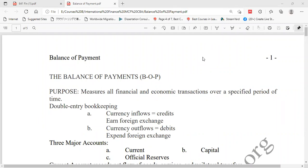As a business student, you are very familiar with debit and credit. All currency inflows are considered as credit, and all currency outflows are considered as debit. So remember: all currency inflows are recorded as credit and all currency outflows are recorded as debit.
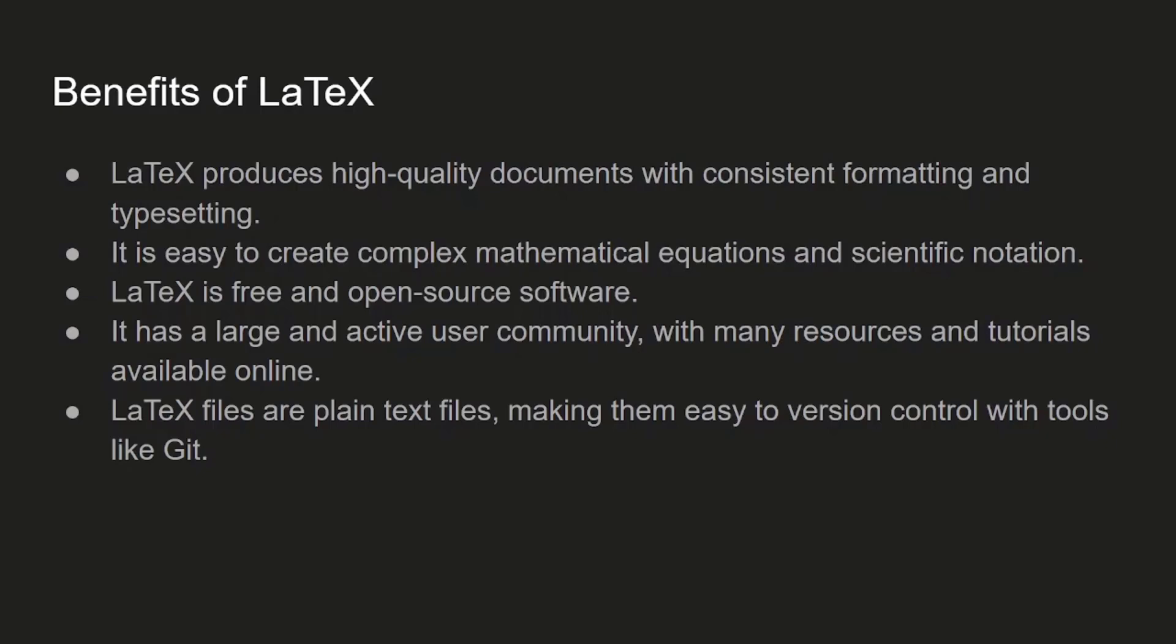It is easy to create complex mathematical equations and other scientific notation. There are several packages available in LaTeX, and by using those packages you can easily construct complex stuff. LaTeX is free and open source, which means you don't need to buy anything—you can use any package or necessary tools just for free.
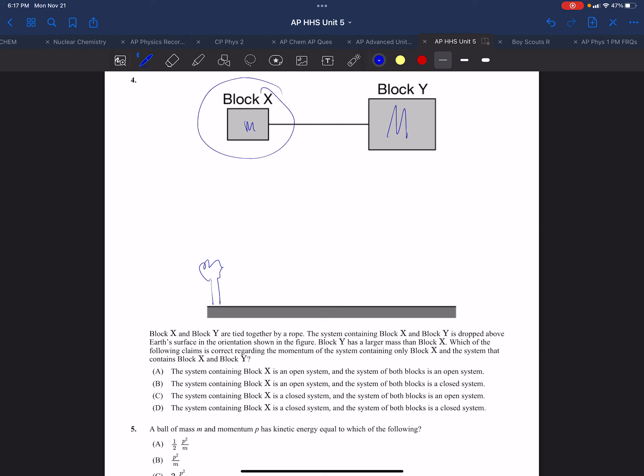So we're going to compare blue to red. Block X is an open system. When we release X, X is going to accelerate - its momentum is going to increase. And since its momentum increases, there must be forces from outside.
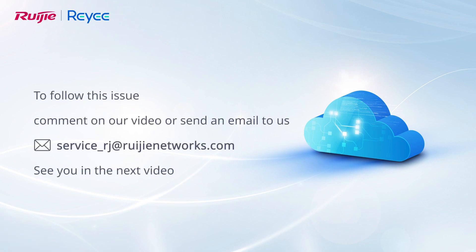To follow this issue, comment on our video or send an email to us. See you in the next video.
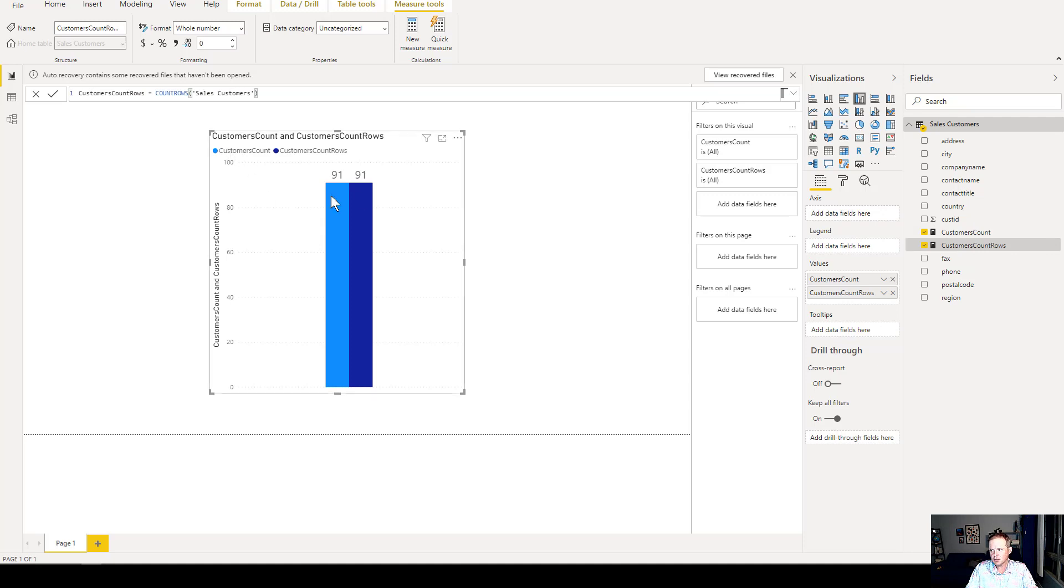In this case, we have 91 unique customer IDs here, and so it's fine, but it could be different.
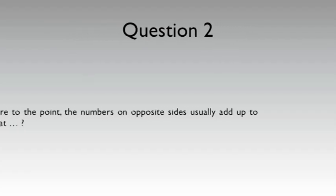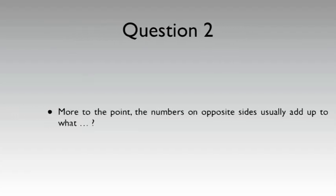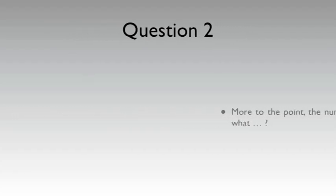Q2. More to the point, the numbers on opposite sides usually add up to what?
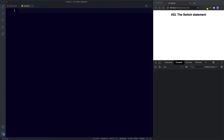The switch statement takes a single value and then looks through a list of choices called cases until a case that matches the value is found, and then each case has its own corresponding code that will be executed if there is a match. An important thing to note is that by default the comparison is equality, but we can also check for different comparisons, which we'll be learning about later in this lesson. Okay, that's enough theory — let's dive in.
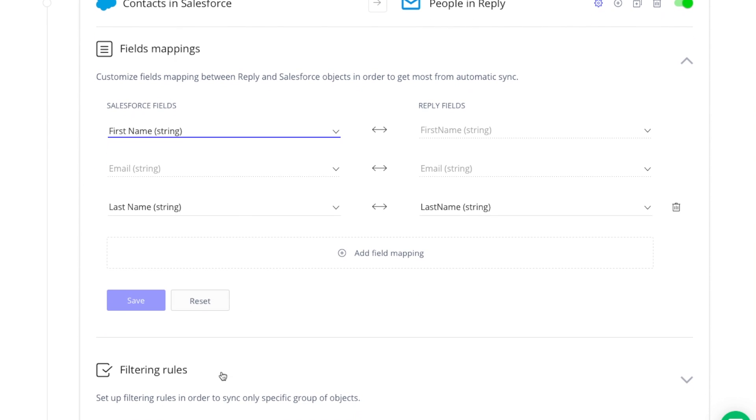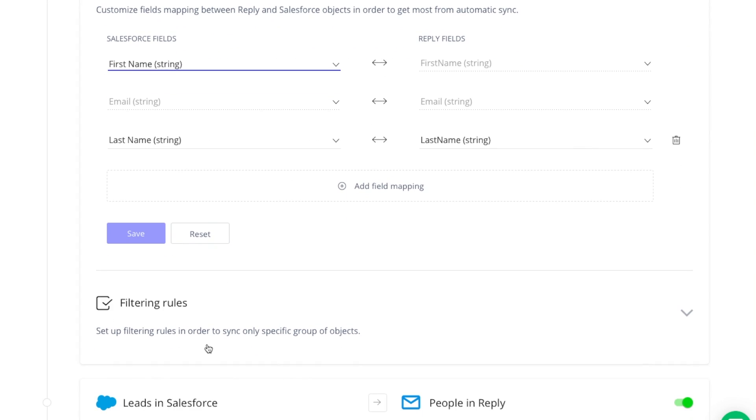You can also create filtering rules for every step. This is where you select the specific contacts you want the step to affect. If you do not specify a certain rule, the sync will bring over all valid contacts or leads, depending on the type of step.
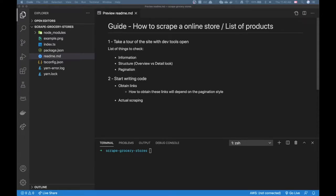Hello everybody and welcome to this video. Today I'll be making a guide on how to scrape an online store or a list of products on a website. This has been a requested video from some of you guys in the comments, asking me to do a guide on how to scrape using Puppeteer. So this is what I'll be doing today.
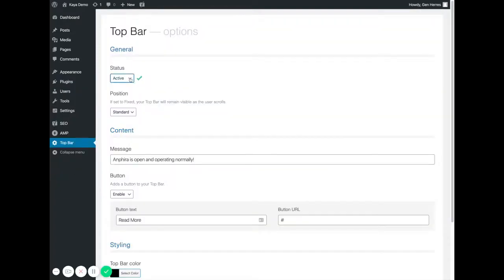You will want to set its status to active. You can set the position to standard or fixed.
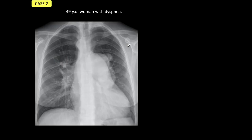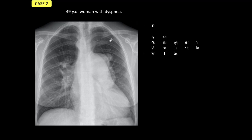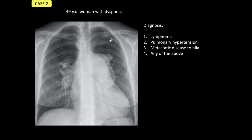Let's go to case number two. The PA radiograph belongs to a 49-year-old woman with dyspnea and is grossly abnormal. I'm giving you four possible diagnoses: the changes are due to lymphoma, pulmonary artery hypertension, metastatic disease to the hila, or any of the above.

▶ Your assignment
Faithful copy, images left out: write out every line of data.

▶ Your response
As a business student, you are very familiar with debit and credit. All currency inflows are considered as credit, and all currency outflows are considered as debit. So remember: all currency inflows are recorded as credit and all currency outflows are recorded as debit.
It is easy to create complex mathematical equations and other scientific notation. There are several packages available in LaTeX, and by using those packages you can easily construct complex stuff. LaTeX is free and open source, which means you don't need to buy anything—you can use any package or necessary tools just for free.
So we're going to compare blue to red. Block X is an open system. When we release X, X is going to accelerate - its momentum is going to increase. And since its momentum increases, there must be forces from outside.
To follow this issue, comment on our video or send an email to us. See you in the next video.
In this case, we have 91 unique customer IDs here, and so it's fine, but it could be different.
Q2. More to the point, the numbers on opposite sides usually add up to what?
The switch statement takes a single value and then looks through a list of choices called cases until a case that matches the value is found, and then each case has its own corresponding code that will be executed if there is a match. An important thing to note is that by default the comparison is equality, but we can also check for different comparisons, which we'll be learning about later in this lesson. Okay, that's enough theory — let's dive in.
You can also create filtering rules for every step. This is where you select the specific contacts you want the step to affect. If you do not specify a certain rule, the sync will bring over all valid contacts or leads, depending on the type of step.
Hello everybody and welcome to this video. Today I'll be making a guide on how to scrape an online store or a list of products on a website. This has been a requested video from some of you guys in the comments, asking me to do a guide on how to scrape using Puppeteer. So this is what I'll be doing today.
You will want to set its status to active. You can set the position to standard or fixed.
Let's go to case number two. The PA radiograph belongs to a 49-year-old woman with dyspnea and is grossly abnormal. I'm giving you four possible diagnoses: the changes are due to lymphoma, pulmonary artery hypertension, metastatic disease to the hila, or any of the above.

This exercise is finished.